Yes and no.  Fuzzy as it gets!

There are many prominent teachers who use the word "habit" in describing what comes from consistent practice of mindfulness meditation.  And, of course, there are habits that skilfully support one's values, aims, and actions, and there are those that don't.  But although the act of bringing oneself to practice mindfulness can be supported by habit, the state of mindful awareness itself cannot become habitual.  Let me say that again:

You cannot phone-in mindful awareness.

Just as there are several dimensions to 'mindfulness' (a particular collection of exercises; the act of remembering; a state of awarenesss), so, too, are there multiple definitions of 'habit' (images of The Flying Nun come to mind). Because we're concerned primarily with qualities of awareness in this conversation, here is the definition that seems most apropo:

"habit: an acquired mode of behavior that has become nearly or completely involuntary."                                  (Merriam-Websters 2013)

It is true that we can create skillful meditation practice habits.  I can cultivate a habit of practicing sitting meditation every morning after a cup of coffee.  I can nurture the habit of reflecting each morning on how to bring mindfulness into my day.  I can invite the habit of choosing to eat my weekly dinner with my dad with mindfulness.  Here neuroscience paints a clear picture: neurons that fire together, wire together.  By repeating the timing and associations of these activities and paring them with efforts of directed attention, 'good' habits are formed.

How is that different from mindful awareness itself being a habit?

From living a life that includes meditation, we see with experience that higher states of awareness are rarely involuntary, though that can happen (think: moments of crisis, physical danger, shocking news, falling in love, etc.). For most of us, most of the time, it is our ordinary states of awareness that are habitual; in, fact, research shows that our default state of awareness is mind wandering.  Anything beyound that requires either an outside stimulus or an inner, voluntary action.  To expand our often narrow field of awareness, it takes something intentional, like sitting still for twenty minutes, letting go of control, and watching very closely.  It's something akin to swimming against the stream.  However, once the effort to attend is let go of, the current (habitual ways of being) sweep us away again.

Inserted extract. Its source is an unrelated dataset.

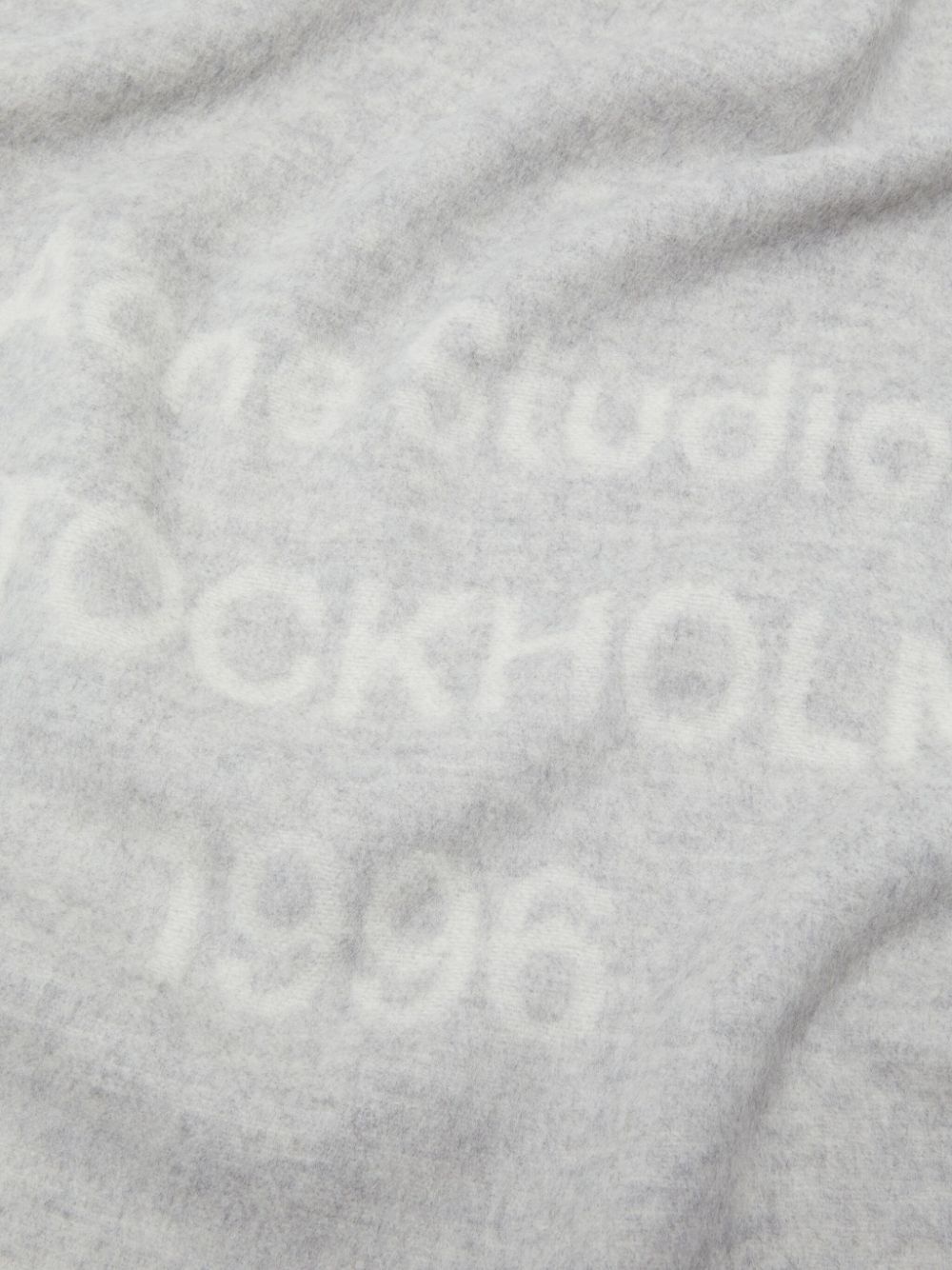 logo-print wool scarf - 2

The relationship of meditation skill to mindful awareness is similar to what a musician achieves through practice. They rehearse a piece of music until it is memorized and 'in the body'; when it comes time to perform, there is an aspect of technique that is involuntary and habitual (body position, finger movements, keeping time, etc.), but the life of the music is brought about by an opening to feeling.  This can only be accomplished through a voluntary awareness of what arises in the experience of playing the music, moment by moment.

Could you imagine Dizzy Gillespie blowing his trumpet habitually?  Phoning it in?

Similarly, in the practice of mindfulness, I can create habits that reduce the obstacles, distractions, and contradictions that threaten practice so that there is less resistance to arriving 'on the cushion'.  After a while, engaging practice gets easier.  But the act of opening to awareness itself?  This requires my being fully awake to what I'm aware of in the moment, and the inevitable, immediate reactions that follow, which tend to narrow my awareness as I become identified with what's going on rather than observing it intimately. This can only be voluntary.  

That's why we often hear in various teachings that in each moment there is the possibility of choice: I can become gently aware of my being in whatever condition I find myself, notice the reactions with kindness, and open further to remain aware of all that follows in my immediate experience.  But it's a living, dynamic, fragile choice, not a habit.  When I know this through experience, I may have many more moments of music in my mindfulness.